Years of further research
It will literally take years to follow up on Cassini's findings about Enceladus: Although the spacecraft made three close flybys of the moon in 2005, the next close encounter isn't scheduled until 2008. Porco said the Cassini team is already working to change the probe's orbit to get closer to the moon, and she said it would be imperative for the Cassini mission to get an extension beyond 2008 for even more encounters.

"It would be insanity to think that we wouldn't get it, based on this discovery," she said.

Ingersoll said observations need to be repeated to solidify the case for liquid water on Enceladus. "I'd be perfectly happy to do this again, just to see how much variability there is," he said.

One of the big unanswered questions has to do with why so much heat is emanating from such a little moon. The Saturnian system is about 890 million miles (1.4 billion kilometers) from the sun, so sunlight isn't much of a factor. Moreover, Enceladus is just 309 miles (500 kilometers) wide, compared with Europa's diameter of 1,940 miles (3,138 kilometers).

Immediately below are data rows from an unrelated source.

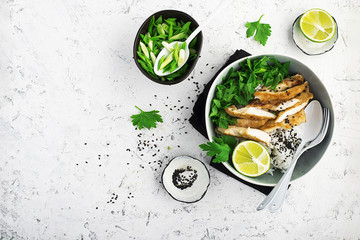 Rice chicken breast bowl with spring green onions and herbs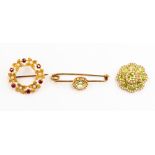 A group of three brooches including a peridot and seed pearl set brooch in yellow metal probably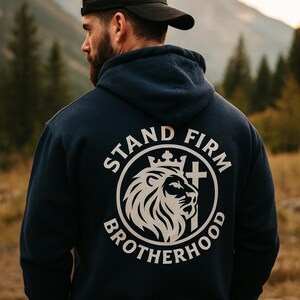 Könnte beinhalten: Marineblauer Kapuzenpullover mit weißer Grafik auf dem Rücken. Die Grafik zeigt einen Löwenkopf, eine Krone und ein Kreuz, umgeben von den Worten "STAND FIRM BROTHERHOOD". Die Person trägt eine schwarze Baseballkappe.
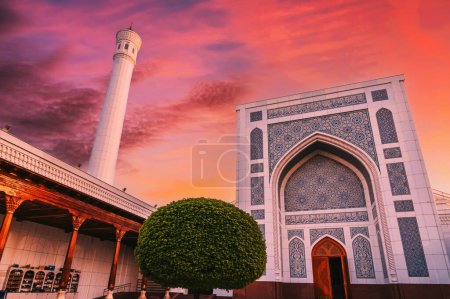 Photo for New Islamic Masjid Minor Mosque in Tashkent in Uzbekistan on background of the dramatic red sunset sky - Royalty Free Image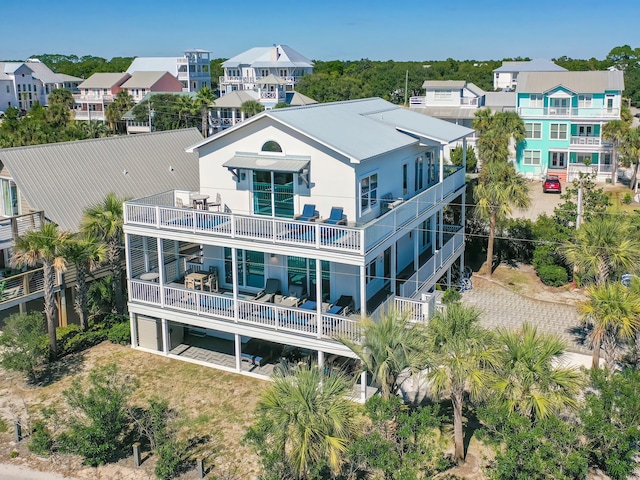 rear view of property featuring a balcony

On Europa, internal heat is thought to be generated by a molten core as well as tidal flexing. But on Enceladus, the calculations for such effects fall short by a factor of 10, Porco said.

Some scientists have theorized that Enceladus is an asymmetric moon, with a small molten core that's off-center. That could explain why the warm spots are concentrated in the south polar region, and why Enceladus might have regional reservoirs of liquid water rather than a global subsurface ocean. However, scientists would have to explain how the core came to be off-center in the first place.

New scientific frontiers
Pappalardo said the research related to Enceladus' geysers suggested many more scientific questions yet to be answered.

"I think it certainly elevates the priority of further Enceladus exploration, by the Cassini spacecraft first off," he said. "We really need to understand what's going on there. What kind of plumbing is there on Enceladus? What could be maintaining the liquid, if there really is a reservoir of liquid water within?"

Like Pappalardo, Brown University planetary scientist James Head ranked the results from Enceladus alongside the 1979 discovery of Io's volcanoes. Head, an expert on Europa, said the findings could help reverse NASA cutbacks in space science missions. For example, NASA recently put a proposed mission to Europa and Jupiter's other icy moons on hold.

"People are really striving to try to reverse that, because it is such a clear imperative," he told

Porco said that the evidence for liquid water could well put Enceladus ahead of Europa as a priority for further exploration, but Head said one icy moon shouldn't be pitted against another.

"These are the kinds of exciting results that exploration is all about," he said. "I wouldn’t say it would change the ranking on Europa vs. Enceladus. What it really says that we need to get off our butts and explore Europa — because the same kind of exploration is going to give us hundreds of insights about comparable things."